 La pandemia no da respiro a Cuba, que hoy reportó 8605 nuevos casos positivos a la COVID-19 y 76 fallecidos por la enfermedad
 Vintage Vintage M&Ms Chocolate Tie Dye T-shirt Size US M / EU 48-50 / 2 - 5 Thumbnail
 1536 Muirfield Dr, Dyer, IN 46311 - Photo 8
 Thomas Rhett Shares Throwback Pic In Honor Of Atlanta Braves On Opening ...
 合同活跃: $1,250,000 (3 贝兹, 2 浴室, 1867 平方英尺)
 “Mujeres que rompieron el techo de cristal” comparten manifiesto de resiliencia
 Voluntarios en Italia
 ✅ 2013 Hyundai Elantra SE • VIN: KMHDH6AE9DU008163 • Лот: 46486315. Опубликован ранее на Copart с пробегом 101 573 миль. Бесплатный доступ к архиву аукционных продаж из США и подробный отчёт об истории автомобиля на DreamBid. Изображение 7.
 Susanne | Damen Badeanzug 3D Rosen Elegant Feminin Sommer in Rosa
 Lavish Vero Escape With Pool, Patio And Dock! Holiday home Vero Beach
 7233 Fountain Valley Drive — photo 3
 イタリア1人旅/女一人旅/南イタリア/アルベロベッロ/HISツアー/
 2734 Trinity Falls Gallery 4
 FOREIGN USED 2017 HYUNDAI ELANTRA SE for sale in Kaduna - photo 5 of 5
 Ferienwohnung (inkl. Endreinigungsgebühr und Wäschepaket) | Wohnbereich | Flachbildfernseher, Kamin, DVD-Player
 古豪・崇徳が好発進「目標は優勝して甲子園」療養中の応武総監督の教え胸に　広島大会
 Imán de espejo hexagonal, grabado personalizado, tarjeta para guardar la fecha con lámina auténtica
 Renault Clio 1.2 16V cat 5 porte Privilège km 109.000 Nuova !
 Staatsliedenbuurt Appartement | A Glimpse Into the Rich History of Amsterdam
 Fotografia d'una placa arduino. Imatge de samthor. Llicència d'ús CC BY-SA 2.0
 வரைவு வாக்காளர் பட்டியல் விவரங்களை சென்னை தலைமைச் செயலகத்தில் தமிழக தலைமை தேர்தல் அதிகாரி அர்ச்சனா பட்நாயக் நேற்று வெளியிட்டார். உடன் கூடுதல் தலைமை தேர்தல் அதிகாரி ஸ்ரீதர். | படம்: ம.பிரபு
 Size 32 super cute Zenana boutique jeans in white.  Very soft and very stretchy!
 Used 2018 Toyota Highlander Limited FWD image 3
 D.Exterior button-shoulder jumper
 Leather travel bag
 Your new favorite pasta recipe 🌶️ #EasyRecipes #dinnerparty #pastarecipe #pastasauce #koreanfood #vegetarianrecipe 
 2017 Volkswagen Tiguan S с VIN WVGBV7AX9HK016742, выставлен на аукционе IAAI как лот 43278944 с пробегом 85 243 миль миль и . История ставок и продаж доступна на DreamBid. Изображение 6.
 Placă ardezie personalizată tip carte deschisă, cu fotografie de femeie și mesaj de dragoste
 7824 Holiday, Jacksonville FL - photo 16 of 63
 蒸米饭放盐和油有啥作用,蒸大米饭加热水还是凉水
--------------------
Activity: Within the records above, each line containing "Size" is to be returned.

Solution:
 Vintage Vintage M&Ms Chocolate Tie Dye T-shirt Size US M / EU 48-50 / 2 - 5 Thumbnail
 Size 32 super cute Zenana boutique jeans in white.  Very soft and very stretchy!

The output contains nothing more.